### Given data:
○ ○ ○ ○ ○ ○ ○

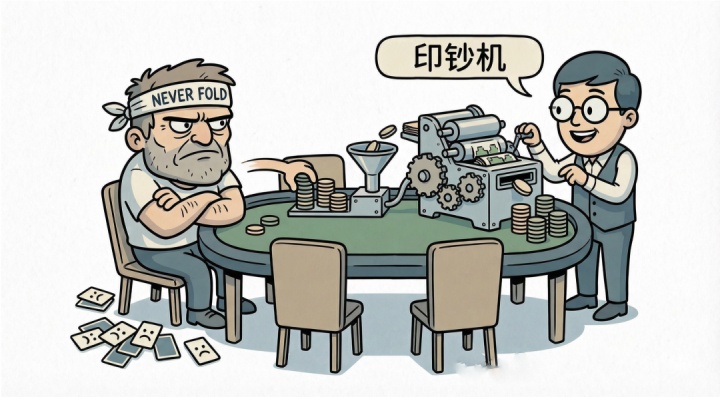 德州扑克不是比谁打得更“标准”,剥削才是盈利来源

○ ○ ○ ○ ○ ○ ○

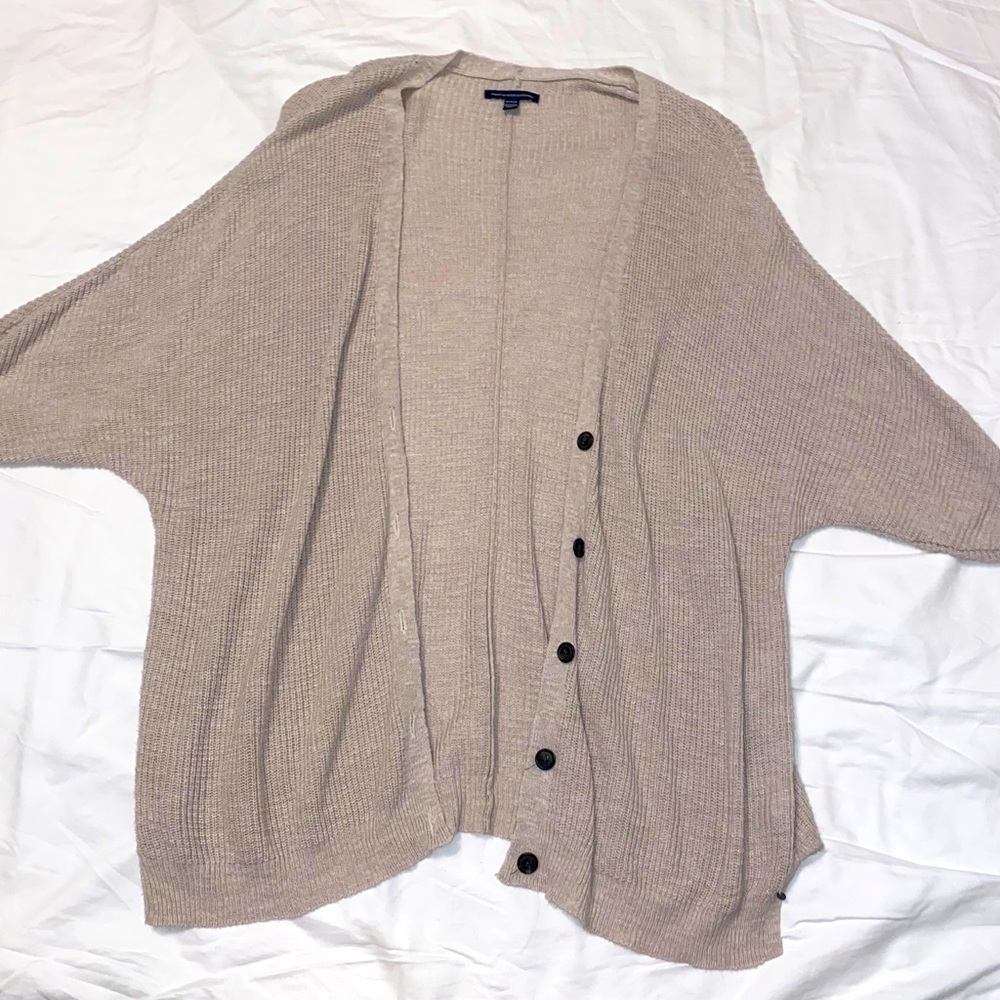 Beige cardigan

○ ○ ○ ○ ○ ○ ○

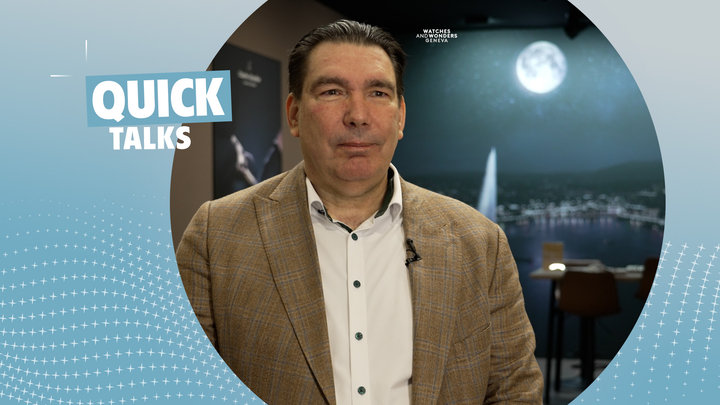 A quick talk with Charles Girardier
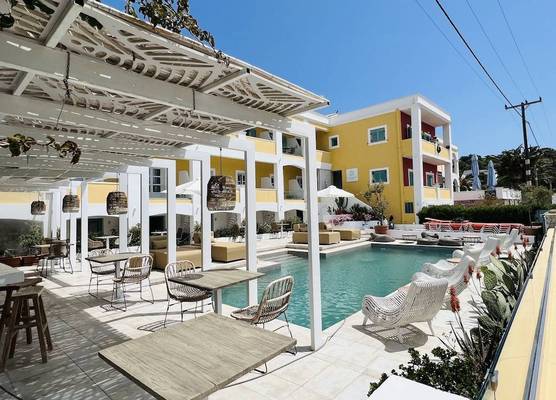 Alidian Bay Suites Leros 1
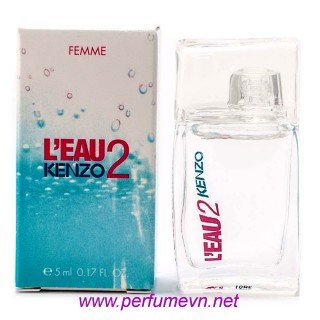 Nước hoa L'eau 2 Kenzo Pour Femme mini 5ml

○ ○ ○ ○ ○ ○ ○

### Work request:
Reproduce exactly the lines above that run from the one with "Alidian Bay Suites Leros 1" to the one with "Nước hoa L'eau 2 Kenzo Pour Femme mini 5ml", both included, leaving pictures out.

### Result:
 Alidian Bay Suites Leros 1
 Nước hoa L'eau 2 Kenzo Pour Femme mini 5ml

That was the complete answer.